Rien d’exceptionnel donc à voir fricoter dans un même environnement des journalistes, des hommes politiques et des chefs d’entreprise, eux-mêmes patrons des grands groupes médias, dont la finalité est de faire du fric. Le monde pouvoir-argent-média est devenu endogame et sa descendance n’est autre qu’un discours analogue, reprenant à l’unisson les mêmes termes et les mêmes acceptions, comme dans un allant-de-soi familial. Ces repas de famille verbaux n’ont d’autre objectif que de construire une pensée similaire qui exclue les cousins récalcitrants osant exprimer une pensée différente ou plus nuancée.

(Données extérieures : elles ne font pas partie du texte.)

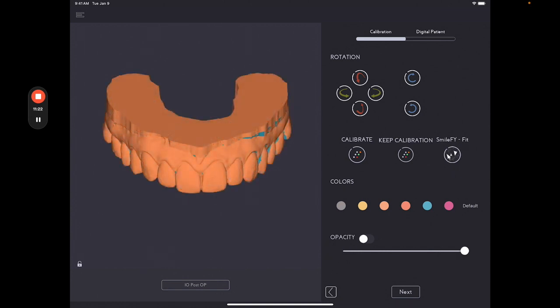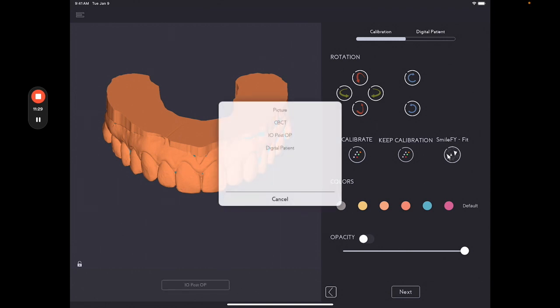Now, if you want to merge the CT scan as well, simply click in the button here at the bottom. And then look for CT scan. And you will do the same procedure.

Concernant les sujets traitant de l’islam de/en France, sujet ô combien brulant, du fait des enjeux électoraux, et complexe par ses facteurs multi-causaux (historique, sociaux, juridiques, politiques,…), nous constatons une simplification des analyses à outrance de la part des journalistes et des dits « experts » au point qu’il nous apparait avoir affaire à des articles de média people. Le besoin de vulgarisation ne peut faire l’économie d’une analyse rigoureuse d’autant plus face à une population française en perte d’identité et inquiète face à son avenir économique et social dans une monde globalisé. Par ailleurs, en parlant des citoyens musulmans, la première précaution à prendre serait d’admettre qu’ils sont français et qu’ils rencontrent les mêmes difficultés et doutes que leurs concitoyens, si ce n’est plus de par leur condition. Ils ne sont pas des citoyens de seconde zone et n’entendent pas l’être. Il serait également utile d’expliquer que les citoyennes/yens de confession musulmane ne constituent pas un bloc monolithe qui pense et agit de la même manière et qu’il y a autant de musulmans que de manière de pratiquer sa foi selon sa propre histoire, ses connaissances, sa lecture et ses intimes accommodements.

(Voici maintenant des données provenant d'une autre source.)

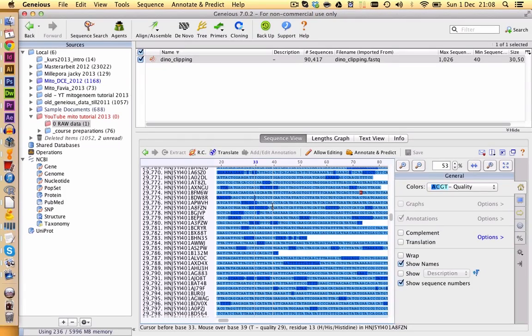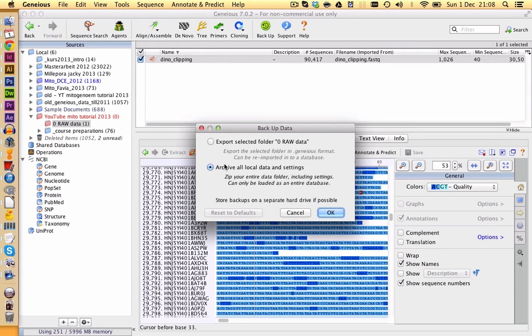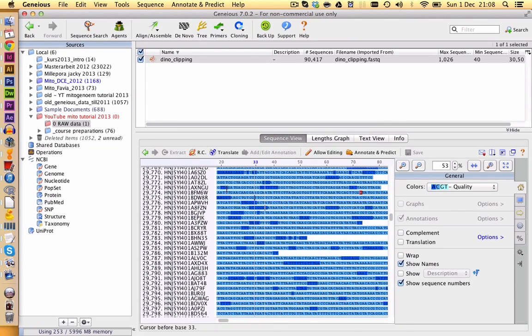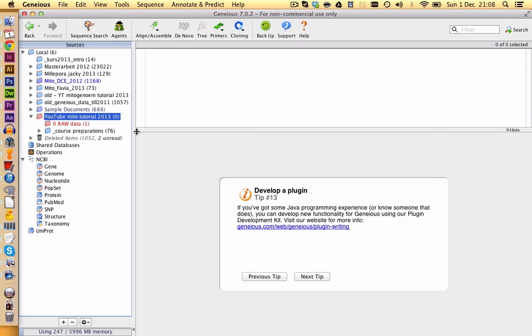One important thing I want to tell you now is that you should make backups. So with file, backup data, you can create backups of all your files. Or you can just choose to backup folders of your Genius files. So for example, we could select this folder here and make a backup of just our mitochondrial tutorial folder. I would highly recommend to do those backups on a weekly basis. So maybe every Friday. And to have those backups also saved in a chronological order on your hard drive.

Ainsi, avant d’ouvrir notre journal au petit matin, il ne fait plus de doute que nous aurons droit chez nos hommes politiques, à un petit jeu de dupes qui consiste à discréditer toute une population par ignorance, par calcul électoraliste ou par stratégie de diversion pour faire oublier qu’ils sont incapables de régler les vrais problèmes économiques et sociaux des français. Tout sujet est devenu prétexte à accuser les (supposés) musulmans, car bien entendu un faciès maghrébin est inévitablement un musulman, sur n’importe quel sujet de la vie quotidienne qui fait du « buzz » avec des démonstrations de causes à effets dignes d’une acrobatie du Cirque du Soleil. Par exemple, faire une étroite relation entre l’Islam et l’épisode du bus à Knysna  lors de la Coupe du Monde 2010 relève d’une performance olympique. Nous attendons dans les prochaines semaines le lien entre pratique musulmane et le réchauffement climatique, les musulmans et l’augmentation des accidents de la route, et Mohamed et le monstre du Lockness (d’ailleurs n’était-ce pas le même ?).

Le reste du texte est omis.